SUMMARY OF THE INVENTION- In light of the foregoing drawbacks, an objective of the present invention is to provide a human photo search system that searches a desired photo/a photo with only a vague impression based on the positions, the sizes and the attributes of the people in photos. 
- Another objective of the present invention is to apply on user electronic devices, enabling intuitive and simple operations for composing the search intention for the desired photo as search basis through a user interface such as multi-touch screen or a mouse. 
- In accordance with the above and other objectives, the present invention provides a human photo search system, which includes a user device and a photo search server connected together by a network. The user device includes a canvas interactive interface. The canvas interactive interface includes a query canvas area for allowing a user to compose and set human content and human layout therein to generate query semantics. The photo search server includes: a human photo database, a search module, a ranking module, and a display module. The human photo database is used for storing a plurality of human photos and building a block-based index based on position and size information. The search module is used for receiving the query semantics from the user device and retrieving candidate photos pointed to by the block-based index of the human photo database based on the query semantics. The ranking module is used for generating a score for each of the candidate photos based on relevance, and sorting all of the candidate photos according to the scores therefor. The sorted candidate photos are returned back to the user device by the display module. 
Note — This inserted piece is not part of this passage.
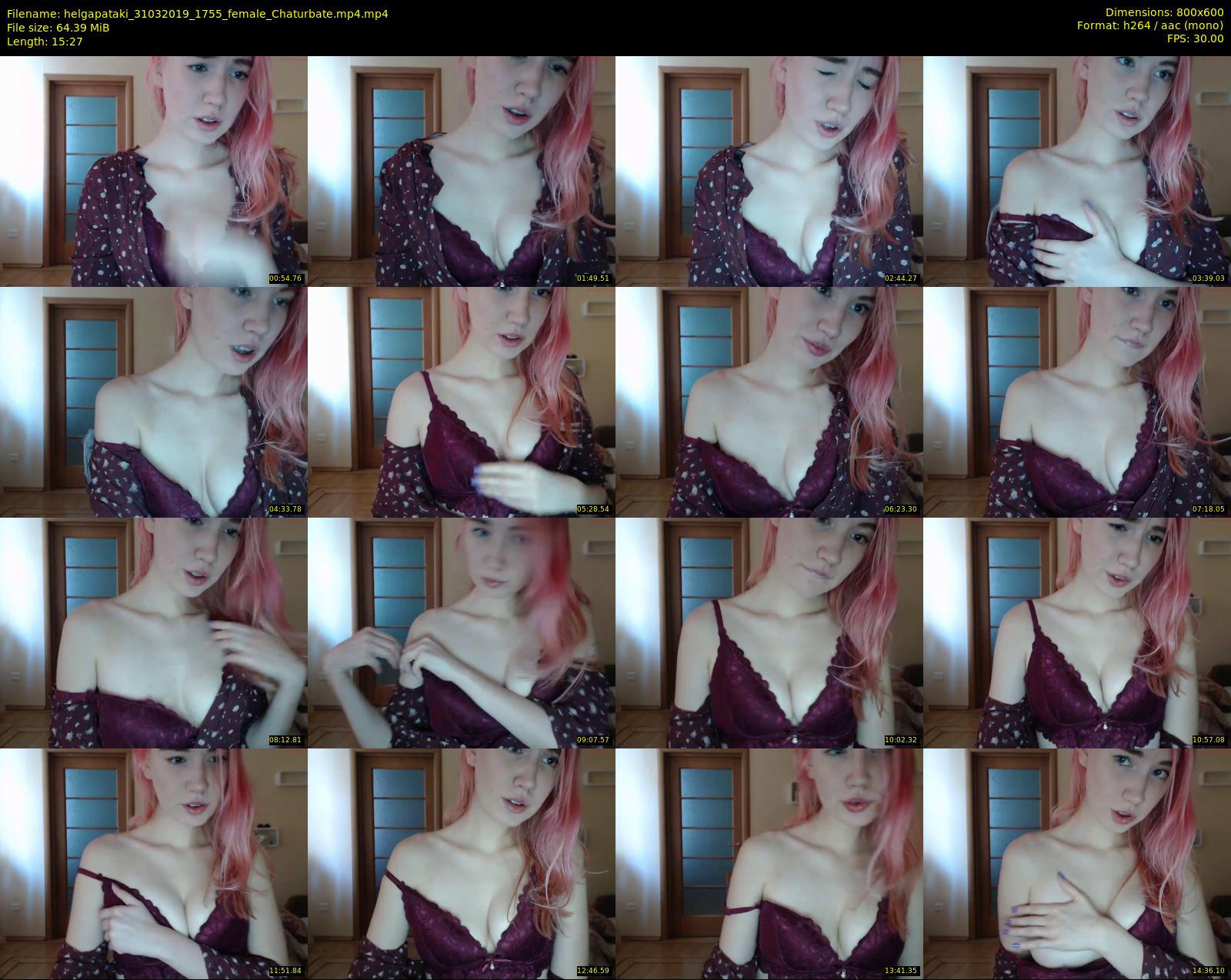 helgapataki — 16 minute Chaturbate female cam show recording, 480p, Mar 31, 2019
- In an embodiment, the human content in the query semantics may include at least one selected from the group consisting of gender, age, race, facial expression, hairstyle, accessories and the like, and the human layout in the query semantics includes positions, sizes, angles and the number of people in the query canvas area. 
- In another embodiment, the block-based index includes human attribute scores, facial appearance similarity scores, and photo aesthetic scores. Through a human attribute detection module, a facial appearance similarity estimation module, and an aesthetics assessment module, the human photo is analyzed to generate scores of each person or of the entire photo. 
- In yet another embodiment, the photo search server further includes an aesthetic filtering module that performs filtering on the aesthetic scores of the candidate photos, such that the display module displays only those candidate photos with aesthetic scores higher than a predetermined value. 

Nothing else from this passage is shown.